Best Western was nice last year (thats where I stayed) but I felt bad for the front desk girl scrambling to get breakfast open since the person that was suppose to do it didnt show up to work.


----------



## KOBALT (Nov 19, 2013)

They only have a few rooms available and they're way more expensive. He had to call to get one.


----------



## mjspiess (Nov 11, 2013)

FYI...I just booked a room through Venere.com® | Hotels, B&B, Vacation Rentals: Hotel Deals and Reviews and used coupon code: CJ10VEN to save 10% off. 
I got a: Standard Room, 1 King Bed with Sofabed, Non Smoking, Refrigerator & Microwave Sale.

Total was $91.48/night + tax for a total of $213.46 for two nights.

The initial post is a great deal, but if you want a king size bed and even cheaper rate, try Venere. Under special requests, I asked to be placed near the rest of the Lordstown meet people.


----------



## Agent_Orange (Jan 20, 2014)

Just reserved my room for June 11th-13th. Counting down the days!


----------



## hificruzer226 (Mar 27, 2013)

Agent_Orange said:


> Just reserved my room for June 11th-13th. Counting down the days!


Agent_Orange - Thats a phuqd name lol


----------



## Agent_Orange (Jan 20, 2014)

yeah...couldn't think of anything when I joined lol


----------



## jblackburn (Apr 14, 2012)

Reserved! (at the BW)


----------



## blk88verde (Apr 30, 2011)

Reservation made, but at the Sleep Inn.


----------



## Sunline Fan (Jul 29, 2012)

AutumnCruzeRS said:


> Any chance on checking on Hampton Inn next door to the Best Western? I think Sunline stayed there last year. Plus they have an indoor pool.
> 
> Best Western was nice last year (thats where I stayed) but I felt bad for the front desk girl scrambling to get breakfast open since the person that was suppose to do it didnt show up to work.

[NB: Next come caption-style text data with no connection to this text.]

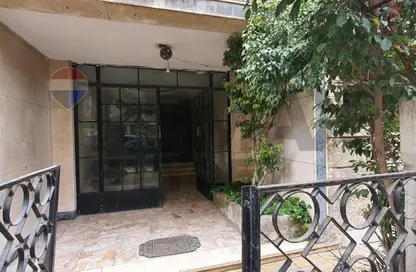Apartment - 2 Bedrooms - 1 Bathroom for sale in Al Hegaz Square - El Hegaz Square - El Nozha - Cairo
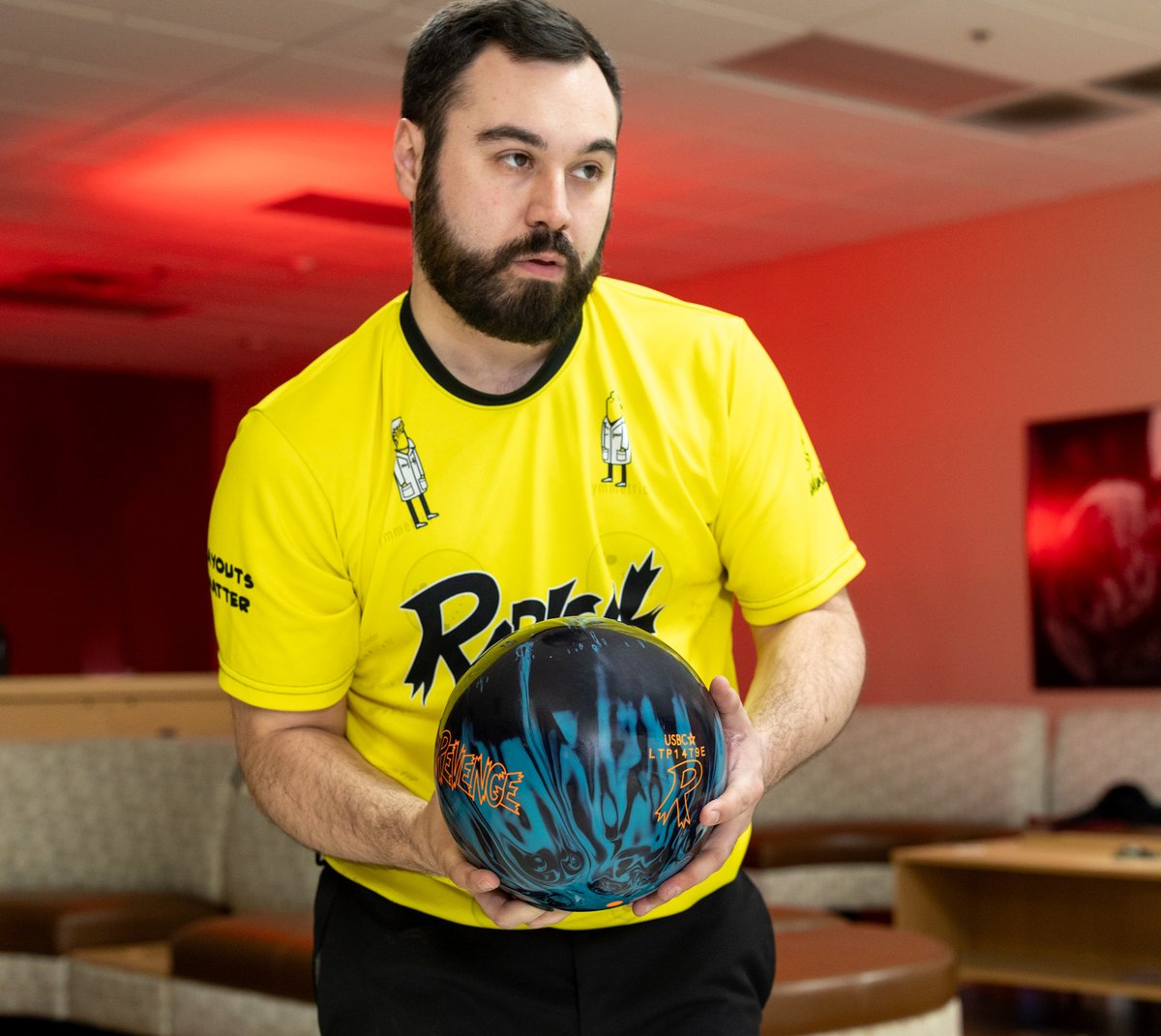 radicalbowling's tweet photo. Celebrating #TuffThursday with Tuff Tyler and the Revenge Solid!
#WOWThatsRadical #RevengeSolid #HK22 #DynamiCore #RadicalRevolution https://t.co/5j1hZM7ued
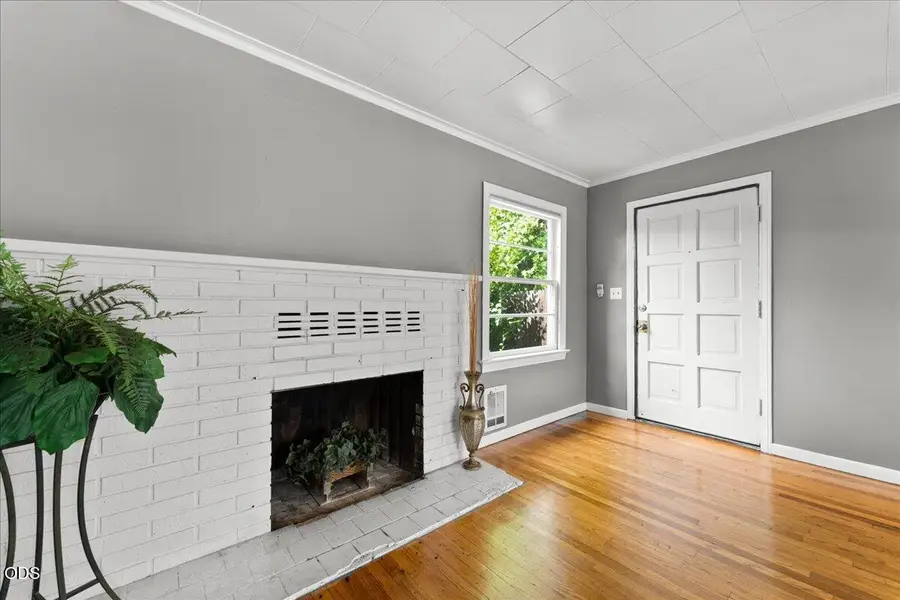 214 N Columbus Avenue, Medford, OR 97501 - #3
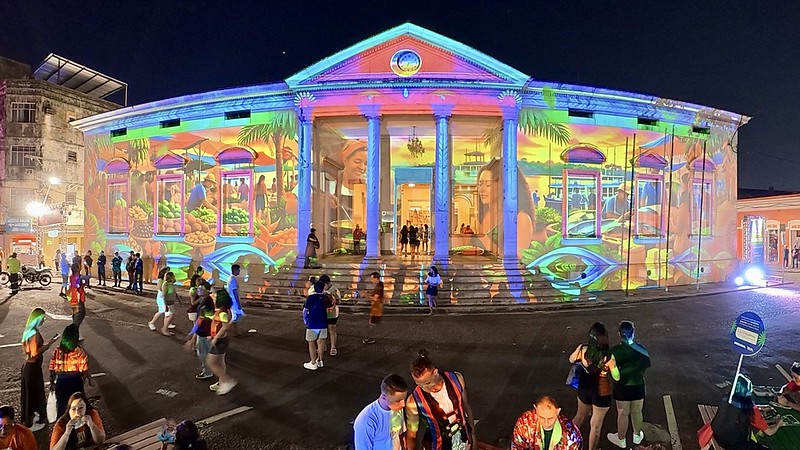 Museu da Cidade de Manaus recebe visitantes e exibe projeções na fachada durante Sou Manaus 2026
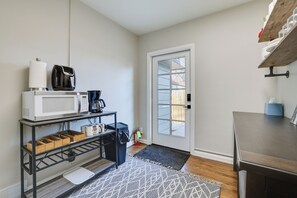 House (2 Bedrooms) | Interior - Charming Nampa Retreat w/ Patio: 20 Mi to Boise! (Nampa)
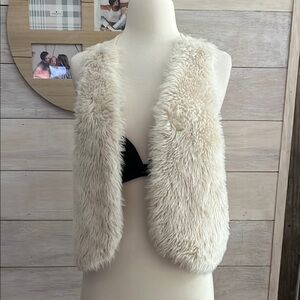 Lsenboye Cream Lace Faux Fur  Detail Vest L Junior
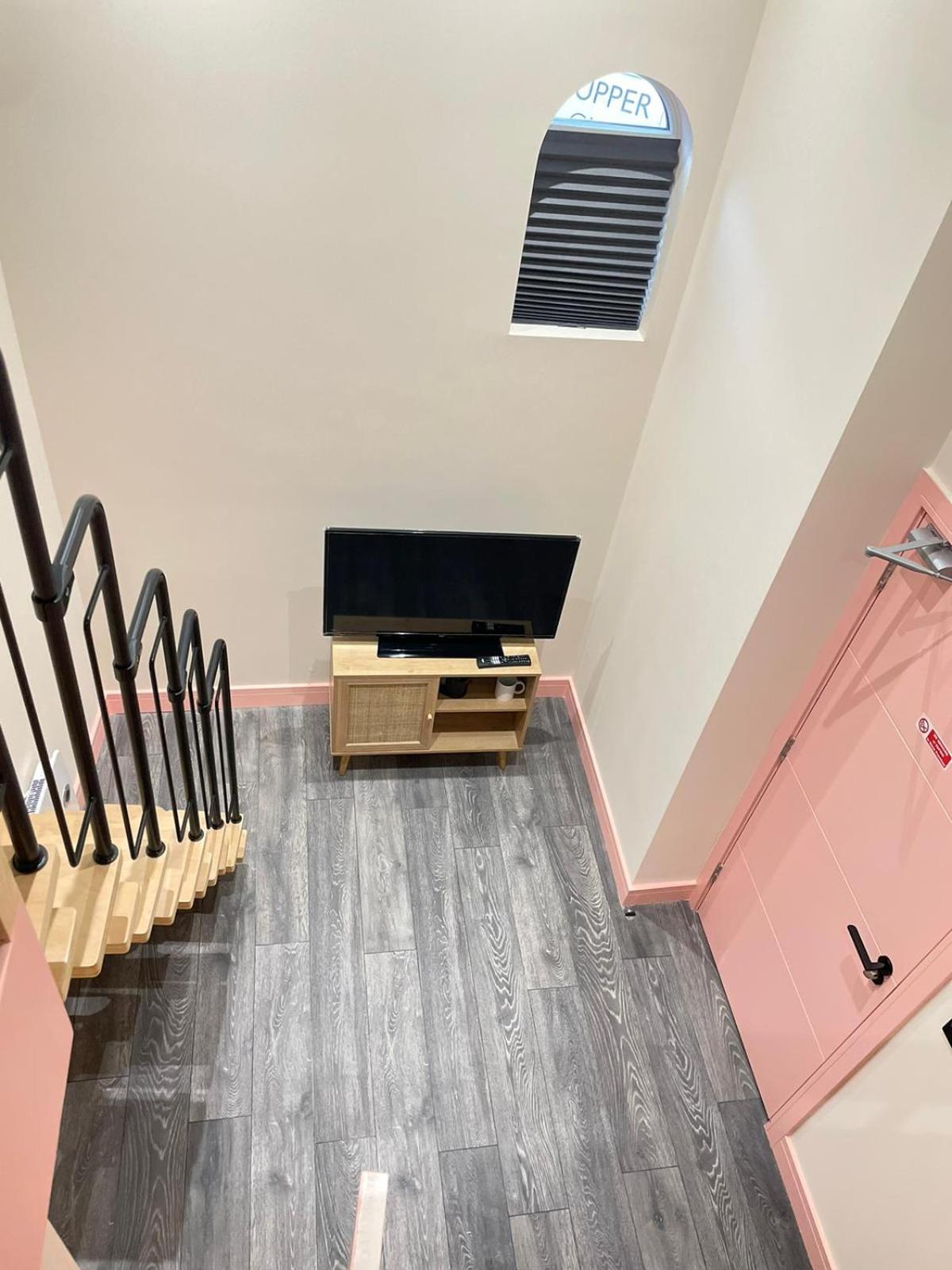 Guest house Cozy En-suite Loft In Trendy Local London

I just gave Hampton a call to see if they had anything open up for Friday night, hoping I didn't have to move hotels after all. Turns out they did! They had one of the wedding parties drop out, so they have space. No double queens left, but there are 12 king rooms left for those two nights (Thurs & Fri). Rate went down too, now $134.10/night.

So I'm officially in for both nights at Hampton.


----------



## hificruzer226 (Mar 27, 2013)

I need to book a hotel I am probably gonna do it tonight with the wifey. I just got final approval for fri sat off


----------



## FlintCruze (Feb 27, 2014)

Just booked at the Best Western for June 11th, no problems. Only staying the one night because the wife and I are going to visit the National Air Museum in Dayton, OH before we head home, so we'll be staying near there Friday night. Will visit the Dixie Drive-In while near there also (we do have one in Flint we visit frequently).


----------



## ericpj (Oct 8, 2012)

Booked for 2 nights at the Best Western. Nothing like leaving things to the last minute


----------



## XtremeRevolution (Jan 19, 2012)

Just as a heads up for others, some of us are staying at the Motel 6. It's a lower end hotel than Best Western, but it's nearly half the price and is a chain hotel in the same town. Just in case people are debating not going because of the cost of the hotel.


----------



## hificruzer226 (Mar 27, 2013)

I booked my hotel last night lol 59 bucks a night at the comfort inn


----------